王忠勤靠在椅背上,望著屋頂:“當初逃出去的時候,我以為這回完了!”
王忠遠笑了笑:“是完了。但是咱又從頭來了!”
沉默了一會兒,王忠厚開口:“這回遭難,我算明白一個理。咱家這么多年,少用仆人丫鬟,弟媳婦們能干活,孩子們不嬌氣,這回派上大用場了!”
王忠勤點頭:“大哥說得是。咱們三兄弟,各司其職,勁往一處使,誰也難不倒咱!”
王忠遠合上賬本:“還有佃戶們。大哥,你在佃戶中威望高,秋收時沒人偷懶,還多干了不少,租子一下就交齊了。這不也是錢?”
窗外傳來蛐蛐的叫聲,秋天的夜涼爽而寧靜。王忠厚站起來,走到門口,望著遠處黑沉沉的田野。月光下,剛收完稻子的田里,稻草人還站著,像是守護著這片土地。
“秋收完了,該準備冬小麥了!”他自言自語。
王忠勤走過來:“大哥,過兩天我去把水渠再挖深些,明年春旱也不怕!”
王忠遠也出來:“我進城去進些冬衣布料,咱家人口多,大嫂她們自己做衣裳,能省不少錢!”

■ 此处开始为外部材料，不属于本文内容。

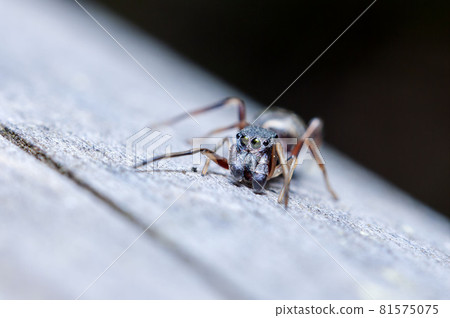 Myrmarachne 81575075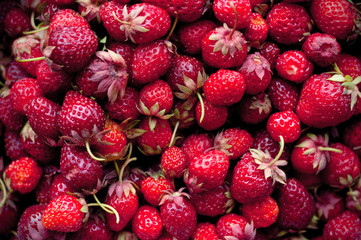 Background from fresh strawberry. Strawberry.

三兄弟站在院子里,誰也沒再說話。月光灑在他們身上,鍍上一層淡淡的銀光。
灶房里,三個妯娌還在收拾碗筷。大嫂把剩菜倒進一個瓦罐里,留著明天喂雞。二嫂在刷鍋,三嫂在擦桌子。灶膛里的余火還亮著,映得她們臉上紅撲撲的。
院子里,大點的孩子在教小的認星星:“那是北斗七星,像勺子一樣……”
王忠厚看著這一幕,心里涌起一股暖流。經歷過不尋常的人才知道,如今的尋常,是最難得的。